If appropriate, let the learner use computers during the exam (when the learner
has been using it in the instruction)
Where appropriate, give completely oral tests or completely written tests,
whichever suits the learner’s needs
Adapt some questions in exam without lowering the learning objectives. For
example, the teacher may ask a question: Which is the capital of Rwanda?

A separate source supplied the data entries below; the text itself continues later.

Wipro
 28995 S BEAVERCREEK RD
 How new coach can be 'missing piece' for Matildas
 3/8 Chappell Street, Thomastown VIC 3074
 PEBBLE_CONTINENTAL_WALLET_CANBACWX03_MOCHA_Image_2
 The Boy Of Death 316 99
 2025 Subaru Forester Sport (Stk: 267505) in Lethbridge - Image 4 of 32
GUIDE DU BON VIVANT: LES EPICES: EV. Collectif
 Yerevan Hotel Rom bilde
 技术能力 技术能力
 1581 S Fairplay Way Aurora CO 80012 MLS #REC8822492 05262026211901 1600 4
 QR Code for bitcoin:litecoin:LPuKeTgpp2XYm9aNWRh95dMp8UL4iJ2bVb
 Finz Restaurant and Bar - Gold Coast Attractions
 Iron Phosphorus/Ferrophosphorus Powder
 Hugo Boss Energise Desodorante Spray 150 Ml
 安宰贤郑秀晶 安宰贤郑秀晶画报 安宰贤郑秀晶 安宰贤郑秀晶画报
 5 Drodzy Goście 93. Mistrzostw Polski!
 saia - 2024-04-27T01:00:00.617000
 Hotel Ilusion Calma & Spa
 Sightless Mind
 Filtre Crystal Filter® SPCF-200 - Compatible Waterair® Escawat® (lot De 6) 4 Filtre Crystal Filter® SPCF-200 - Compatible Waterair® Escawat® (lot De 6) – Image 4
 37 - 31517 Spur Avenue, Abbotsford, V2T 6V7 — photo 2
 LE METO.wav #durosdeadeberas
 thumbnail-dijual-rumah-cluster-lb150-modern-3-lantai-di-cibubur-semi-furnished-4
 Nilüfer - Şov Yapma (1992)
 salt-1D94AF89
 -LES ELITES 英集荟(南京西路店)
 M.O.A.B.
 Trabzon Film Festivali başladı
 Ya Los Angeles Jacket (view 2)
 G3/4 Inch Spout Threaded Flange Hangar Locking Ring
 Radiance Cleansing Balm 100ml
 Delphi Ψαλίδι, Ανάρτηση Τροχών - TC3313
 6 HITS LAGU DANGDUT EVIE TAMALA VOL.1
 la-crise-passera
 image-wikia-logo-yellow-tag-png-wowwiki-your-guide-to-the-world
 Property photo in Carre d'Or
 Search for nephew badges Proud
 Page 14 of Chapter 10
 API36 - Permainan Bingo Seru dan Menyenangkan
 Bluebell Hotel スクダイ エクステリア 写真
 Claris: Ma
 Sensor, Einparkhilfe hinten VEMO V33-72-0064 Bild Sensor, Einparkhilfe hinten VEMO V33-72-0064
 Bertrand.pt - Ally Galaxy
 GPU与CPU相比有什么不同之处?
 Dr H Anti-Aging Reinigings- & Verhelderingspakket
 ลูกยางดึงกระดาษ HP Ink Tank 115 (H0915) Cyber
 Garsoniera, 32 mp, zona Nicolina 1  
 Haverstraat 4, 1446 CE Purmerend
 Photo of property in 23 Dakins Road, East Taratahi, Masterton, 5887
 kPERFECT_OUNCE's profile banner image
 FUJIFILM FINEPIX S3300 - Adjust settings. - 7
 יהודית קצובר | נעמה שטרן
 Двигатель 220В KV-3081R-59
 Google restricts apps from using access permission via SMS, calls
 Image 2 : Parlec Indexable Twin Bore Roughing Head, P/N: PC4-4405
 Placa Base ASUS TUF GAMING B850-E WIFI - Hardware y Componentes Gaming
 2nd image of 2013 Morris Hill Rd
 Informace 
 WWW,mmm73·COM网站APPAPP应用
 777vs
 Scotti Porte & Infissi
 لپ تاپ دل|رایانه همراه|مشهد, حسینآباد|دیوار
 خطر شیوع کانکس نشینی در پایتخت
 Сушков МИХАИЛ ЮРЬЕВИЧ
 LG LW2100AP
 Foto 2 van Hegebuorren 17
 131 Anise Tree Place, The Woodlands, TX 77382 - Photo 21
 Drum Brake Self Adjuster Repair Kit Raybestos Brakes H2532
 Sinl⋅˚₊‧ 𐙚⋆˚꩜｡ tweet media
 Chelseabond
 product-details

For a learner with severe cerebral palsy who is unable to talk or has difficulty
in writing, the teacher may reformulate the question and ask: The capital of
Rwanda is: a) Bujumbura, b) Kigali, c) Kampala
SELF-ASSESSMENT 4.5
1. Briefly explain which teaching strategies you would use to helplearners with Physical Disabilities.
SKILLS LAB
1. Visit a school that accommodate learners with Physical
Disabilities & OHI. Spend some hours in school. With reference
to the following points, prepare three pages’ document to advise
teachers and school in general how to effectively include learners
with Physical Disabilities:
• Categories of learners with Physical Disabilities
• School environment (open space, facilities, playground)
• Classroom environment (seating arrangement, teaching
methodologies)
• Attitude of teachers, peers and Learners with PD & OHI
themselves
END OF UNIT ASSESSMENT
1. What are the strategies needed to be put in place to support
learners with Physical and Health Impairments in school?
2. What would you do if a learner has a seizure attack in your class?
3. What are the common causes of Physical Disability?
4. Discuss how Asthma and HIV and AIDS may impact on learners
learning and development?
5. How may you identify children with Muscular Dystrophy in yourschool?